The History of Diwali Festival, Diwali is the biggest festival in India. It is a five days festival and each day has its own significance. In addition, each day of celebration different as per the regions.
Festivals in India
India is a land of festivals and traditions. This magical land is blessed with the diversity of people residing in it. India is a secular country. It believes in giving freedom to people from all the communities to celebrate the festivals according to their religion. There are innumerable festivals relates to the different religion of people. Each festival is versatile and has its own significations and meaning to its origin. All Indian festivals are associated with a specific period of time. The festivals also have its importance according to it. There is not a single season where there is no festival celebrated in India. Every month is associated with some or the other belief which also makes India a religious and colorful country.
India has led a great example of ‘unity in diversity’. People from all cast and creed celebrate all the festivals together with the same faith and belief.
DIWALI – The Festival of Lights and Prosperity
There are many stories leading to the answer to why does India celebrate Diwali every year. The major significance of this festival is the victory of light over darkness. Hence, the festival is also termed as the festival of lights.
Diwali falls in the month of Kartika as per the Hindu calendar. It is also known as the new beginnings. People in India believe it to be auspicious to start new projects after the Diwali puja. This festival is also known as the happiest festival in India. In this festival relative and friends gets together at each other’s houses. And, pass best wishes and regards for the new beginnings.
People Clean, renovate, and decorate their houses in and out with different types of colorful lights. They also put lights on the edge of the roofs of their houses and makes it look new and happy. People buy new clothes and prepare the variety of sweets and snacks for the festival. Girls and females of the house decorate their houses. They decorate with some cool shapes of Diyas (oil lamps made out of clay) and doing Rangoli ( colorful floor art ).

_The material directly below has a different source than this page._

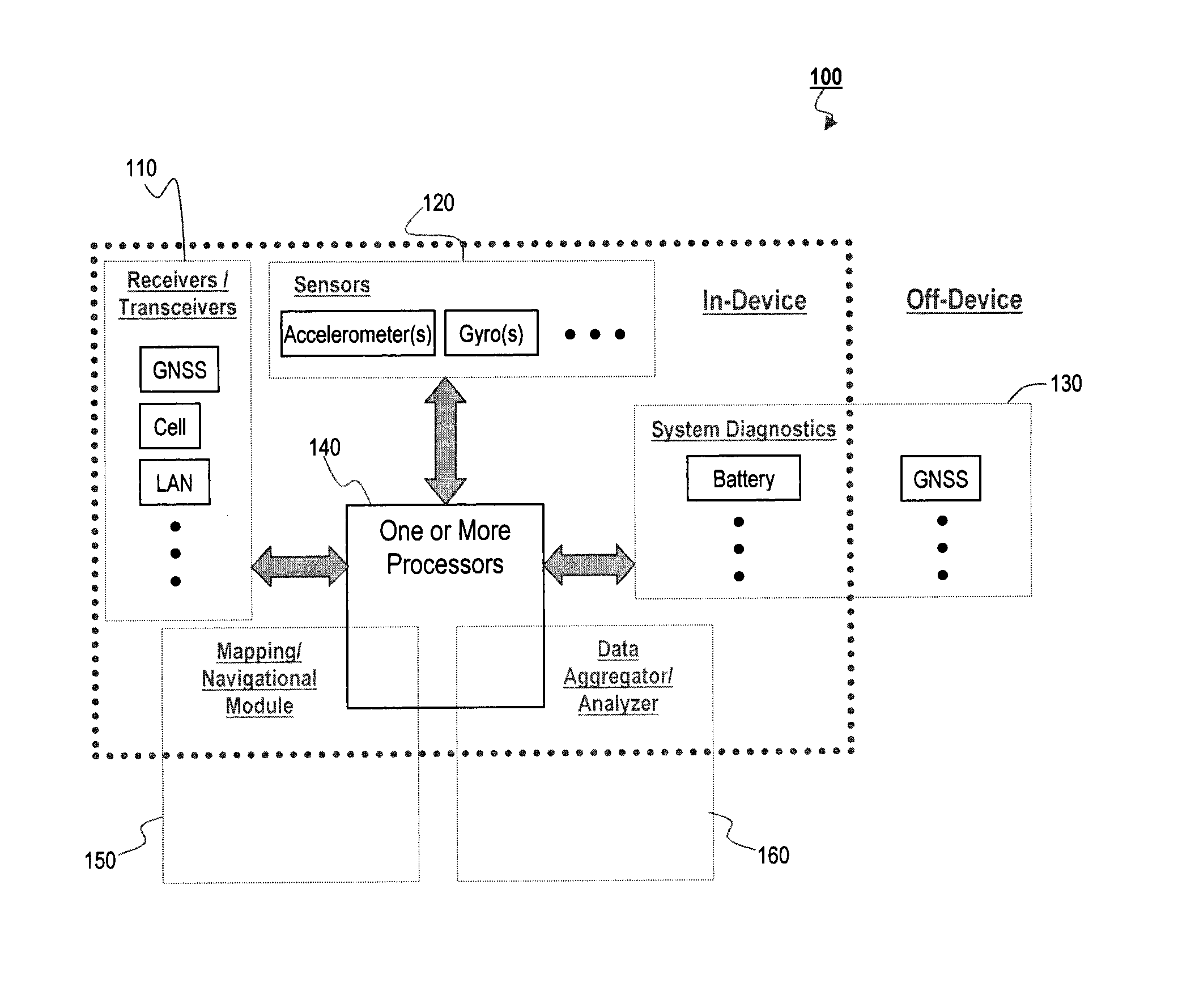 System, method, and apparatus for minimizing power consumption in a portable device capable of receiving satellite navigational system signals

History of Diwali Festival
Ancient India celebrated Diwali as a festival of summer harvesting. Which falls in the month of Kartika as per the Hindu calendar. In Sanskrit, the festival is termed as Padma Purana and Skanda Purana. The diyas in Skanda Purana is symbolized as Parts of the sun. Which provides us the holy light and positive vibes for the all the creatures.
Furthermore, there are different stories as per different communities leading to why they celebrate Diwali.
History of Diwali Festival in Hinduism
Hindus all over the world celebrates Diwali in the honor of Lord Ram when he returns back to Ayodhya along with wife Sita, brother Lakshman, and Lord Hanuman after Ram defeated Ravana from the exile of 14 years. Villagers Illuminated their path back to Ayodhya with the diya in the praise of Lord Ram, Sita, Lakshman, and Hanuman.
Some also celebrate in the memory of the Return of Pandavas from 12 years of vanvas and a year of agyatvas mentioned in Mahabharata.
The festival is a pack of 5 days of celebration starting from the first day i.e the birth of Maha Lakshmi who is the wife of Lord Vishnu. The night of Diwali is also celebrated as Maha Lakshmi chose Lord Vishnu as her husband. People also worship Lord Ganesha who is the symbol of ethical new beginnings, who is fearless and the remover of the obstacles. They also worship Maa Saraswati who blessed the land with music, literature and learning. Kubera also worshiped as he taught us the methods of bookkeeping and money management.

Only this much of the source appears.